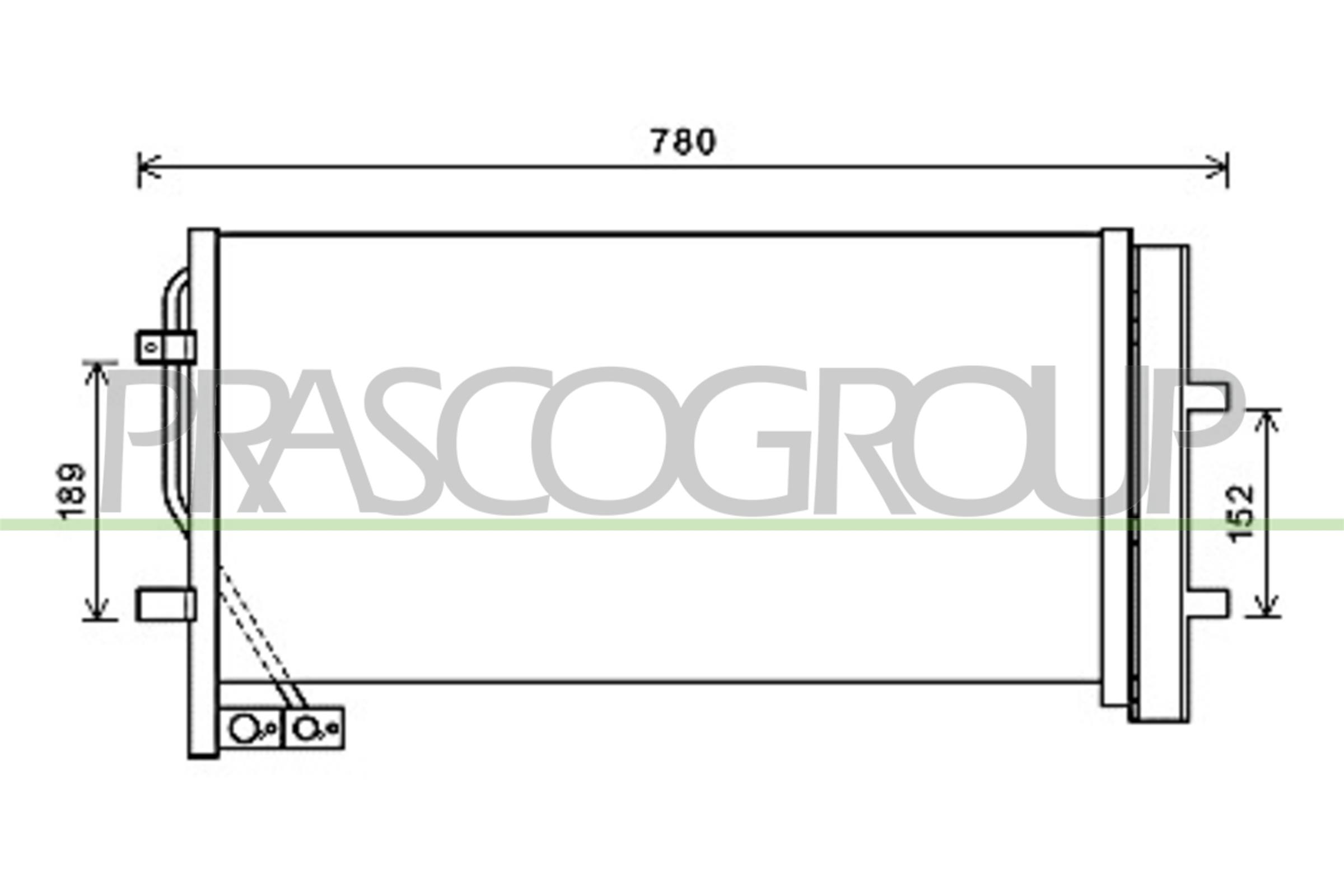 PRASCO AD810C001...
---
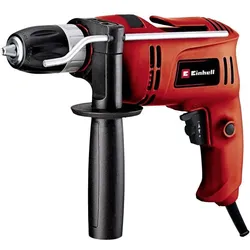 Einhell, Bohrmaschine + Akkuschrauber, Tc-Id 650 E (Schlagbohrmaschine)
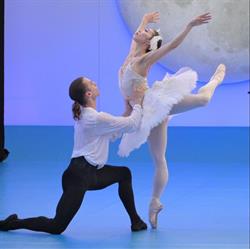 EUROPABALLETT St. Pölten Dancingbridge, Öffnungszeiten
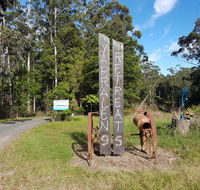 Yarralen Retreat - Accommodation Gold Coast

How to complete this task:
Taking the records above, print only and exactly the lines from the line with "Einhell, Bohrmaschine +" to the line with "Yarralen Retreat - Accommodation Gold Coast", both kept, and exclude pictures.

Result of this task:
 Einhell, Bohrmaschine + Akkuschrauber, Tc-Id 650 E (Schlagbohrmaschine)
 EUROPABALLETT St. Pölten Dancingbridge, Öffnungszeiten
 Yarralen Retreat - Accommodation Gold Coast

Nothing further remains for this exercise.